TEVV (Test, Evaluation, Validation, Verification) is the structured methodology that powers MEASURE, covering everything from pre-deployment testing to continuous production monitoring

MEASURE 2 has 13 subcategories covering all seven trustworthy AI characteristics — each requires documented outputs, not just processes

For financial services, MEASURE maps directly to SR 11-7 model validation — but it extends it for bias, privacy, and environmental risk in ways SR 11-7 doesn’t address

Most AI governance teams treat the NIST AI RMF like a compliance checklist. They build an inventory (GOVERN), do a risk classification (MAP), and then move on — skipping MEASURE because “we have model validation.”

That’s a problem. MEASURE is where governance stops being theoretical. It’s where you move from “we identified these AI risks during MAP” to “here’s our quantified evidence that those risks are within tolerance.” Without MEASURE, you have a risk program built on declarations. With it, you have one built on evidence.

Regulators increasingly know the difference.

What MEASURE Is — and Where It Sits

The NIST AI RMF has four functions: GOVERN (culture, accountability, policy), MAP (context framing, risk classification), MEASURE (quantification and analysis), and MANAGE (treatment, response, recovery). They’re not a linear sequence — the framework is designed as a continuous loop.
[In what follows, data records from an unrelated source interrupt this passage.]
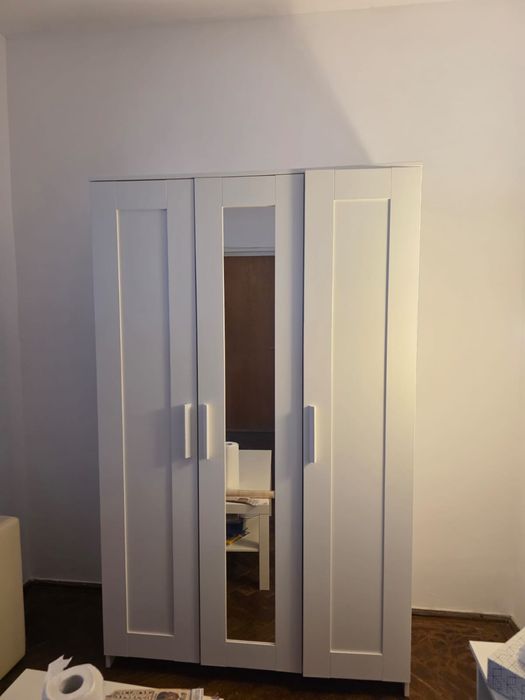 De vanzare: dulap, comoda tv, masuta cafea si etajera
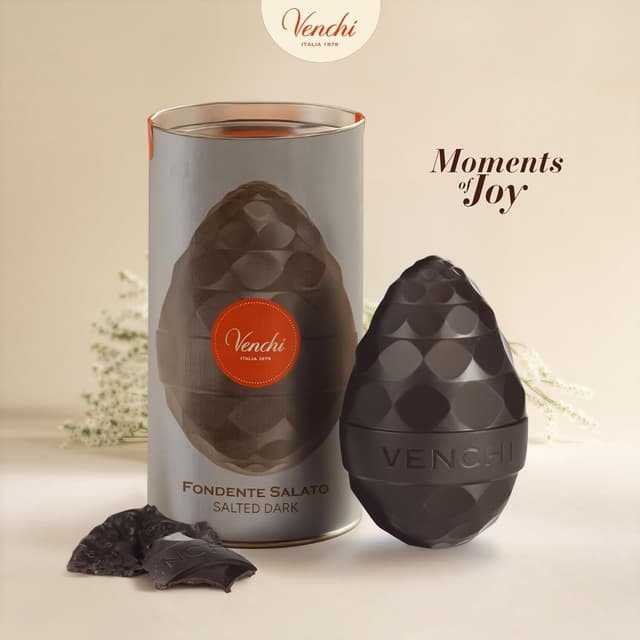 Detalle de Venchi Uovo di cioccolato fondente salato con granella di caramello salato e sorpresa, 150 g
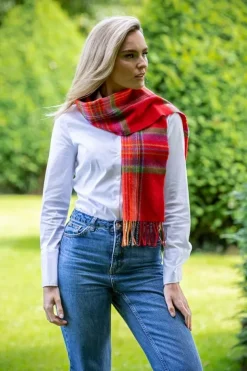 100% lambswool Red, Green & Blue 207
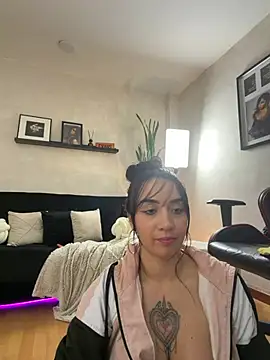 EmmyEvans1 Live XXX-chat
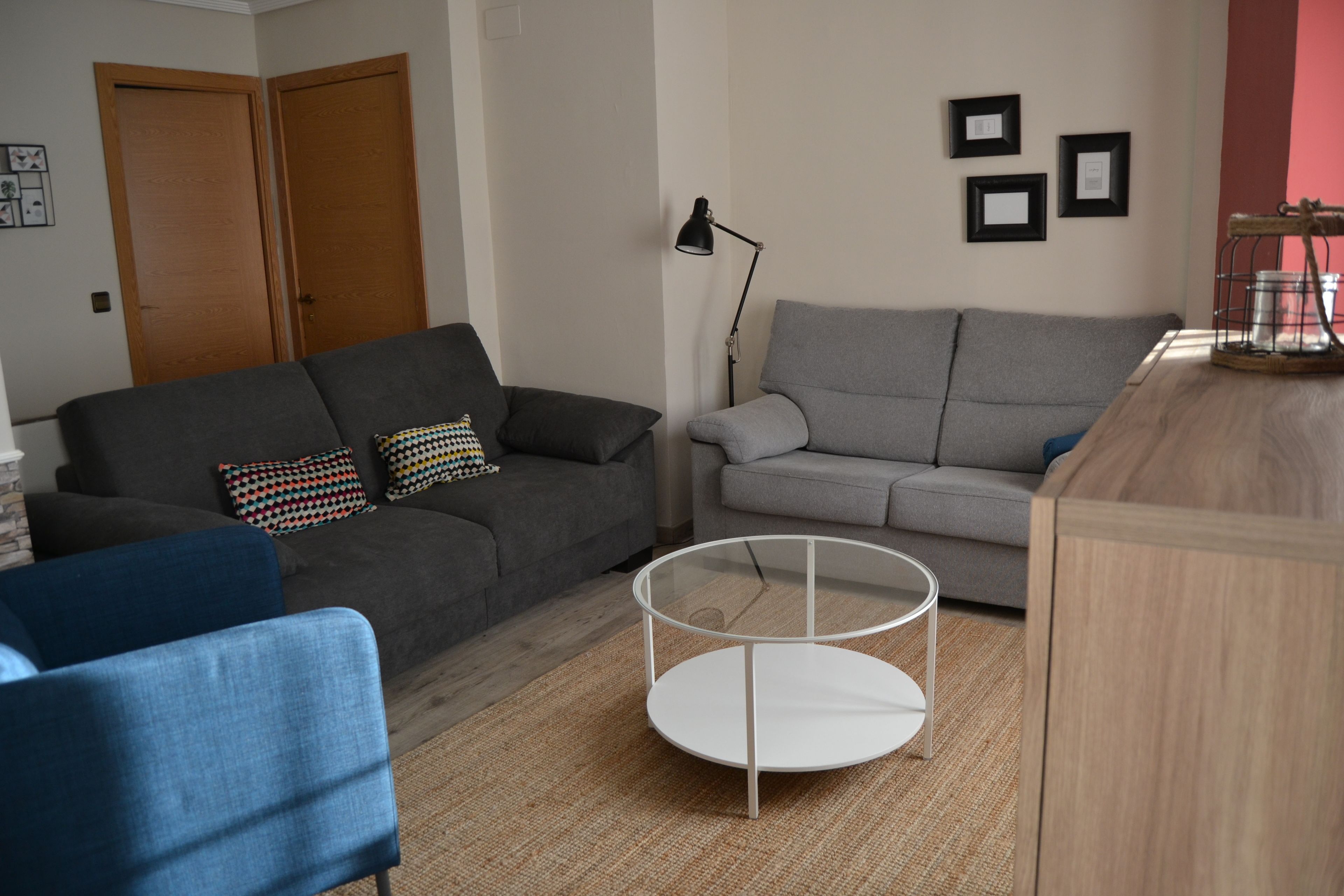 Apartamento familiar, 3 habitaciones, vistas a la montaña | Zona de estar | Una televisión de pantalla plana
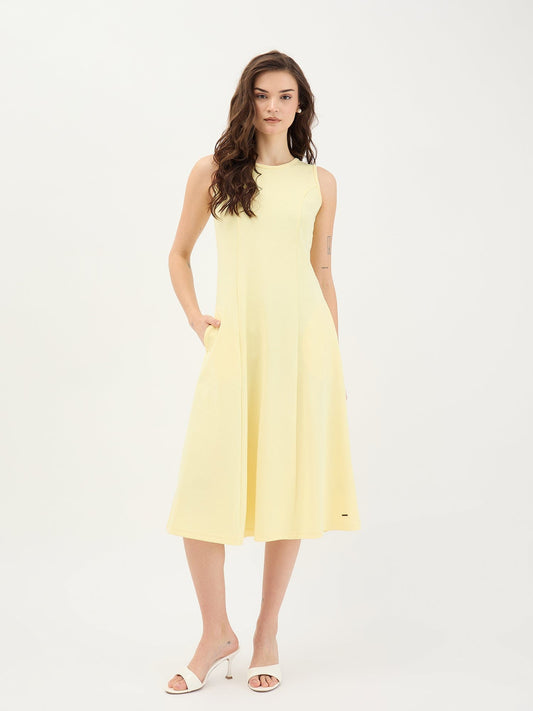 Elle Women Yellow Solid Round Neck Dress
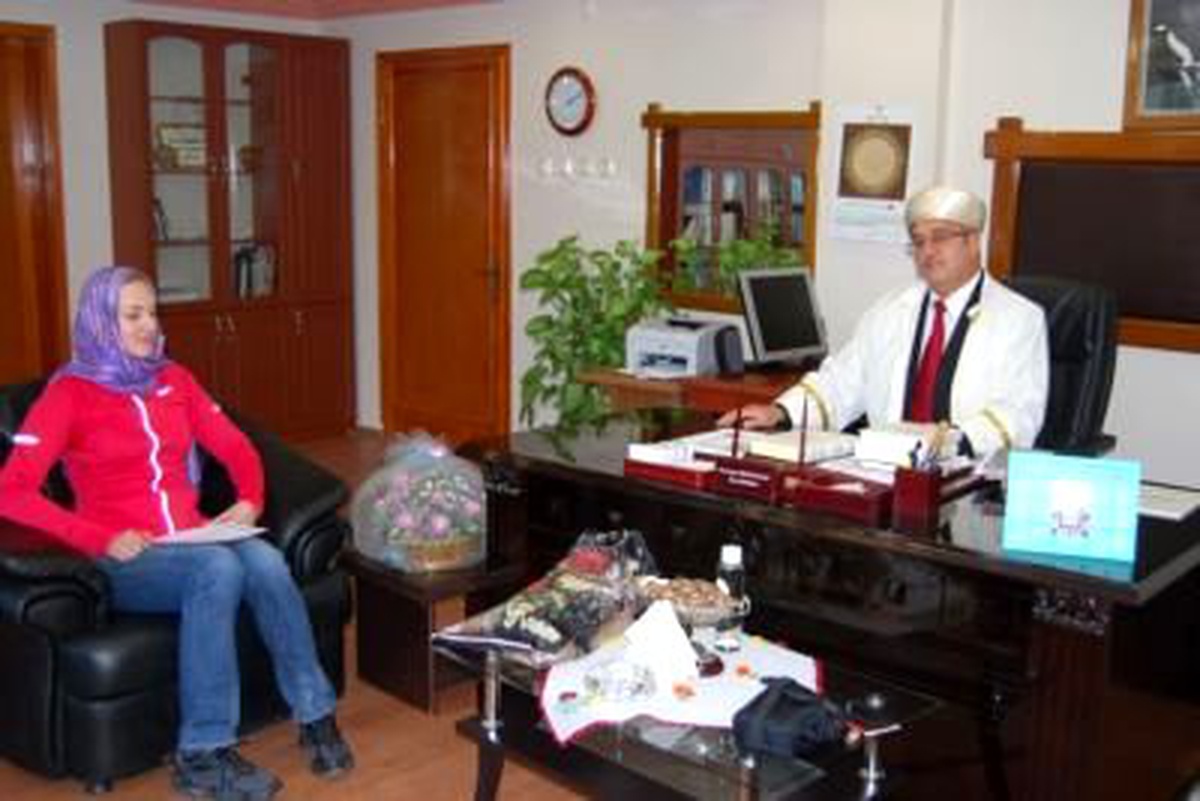Ezan Sesinden Etkilenerek Müslüman Oldu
But understanding the sequence helps.

MAP creates the context: what is this AI system’s purpose, who uses it, what are the potential harms, and which risks are categorized as significant? MEASURE takes that context and asks: how do we know if those risks are actually within tolerance? What evidence would convince a skeptical examiner?

The GOVERN function establishes the accountability structures and policies. MEASURE operationalizes them.

MEASURE is built around four main categories:

MEASURE 1 — Selecting appropriate methods and metrics for identified risks
MEASURE 2 — Evaluating all seven trustworthy AI characteristics across 13 subcategories
MEASURE 3 — Tracking emergent and ongoing risks
MEASURE 4 — Feeding measurement efficacy back into the program

TEVV: The Engine of MEASURE

TEVV stands for Test, Evaluation, Validation, and Verification. It’s the structured methodology NIST uses to operationalize MEASURE, and it runs across all four categories.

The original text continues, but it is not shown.